Therefore, the detection of this type of e-mail is critical. Since phishing aims to appear
being a legitimate message, detection techniques based only on filtering rules, such as
blacklisting and heuristics, have limited effectiveness, in addition to being potentially
forged.
Therefore, with the use of data-driven techniques, mainly those focused on text
processing, features can be extracted from the e-mail body and header that explain the
similarity and significance of the words in a specific e-mail, as well as for the entire set
of message samples. The most common approach for this type of feature engineering is
based on Vector Space Models (VSM). However, since VSMs derived from the Document-
Term Matrix (DTM) have as many dimensions as the number of terms in used in a corpus,
in addition to the fact that not all terms are present in each of the e-mails, the feature
engineering step of the phishing e-mail detection process has to deal with and address
issues related to the "Curse of Dimensionality"; the sparsity and the information that can
be obtained from the context (how to improve it, and reveal its latent features).

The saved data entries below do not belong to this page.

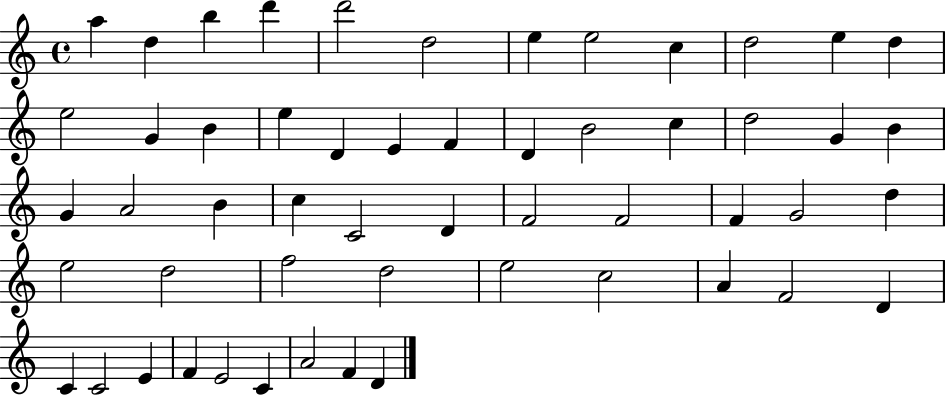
{
  \clef treble
  \time 4/4
  \defaultTimeSignature
  \key c \major
  a''4 d''4 b''4 d'''4 | d'''2 d''2 | e''4 e''2 c''4 | d''2 e''4 d''4 | \break e''2 g'4 b'4 | e''4 d'4 e'4 f'4 | d'4 b'2 c''4 | d''2 g'4 b'4 | \break g'4 a'2 b'4 | c''4 c'2 d'4 | f'2 f'2 | f'4 g'2 d''4 | \break e''2 d''2 | f''2 d''2 | e''2 c''2 | a'4 f'2 d'4 | \break c'4 c'2 e'4 | f'4 e'2 c'4 | a'2 f'4 d'4 | \bar "|."
}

This thesis proposes an approach to detect phishing that consists of four methods.
They use combined techniques to obtain more representative features from the e-mail
texts that feed ML classification algorithms to correctly detect phishing e-mails. They are
based on natural language processing (NLP) and machine learning (ML), with feature
engineering strategies that increase the precision, recall, and accuracy of the predictions
of the adopted algorithms and that address the VSM/DTM problems.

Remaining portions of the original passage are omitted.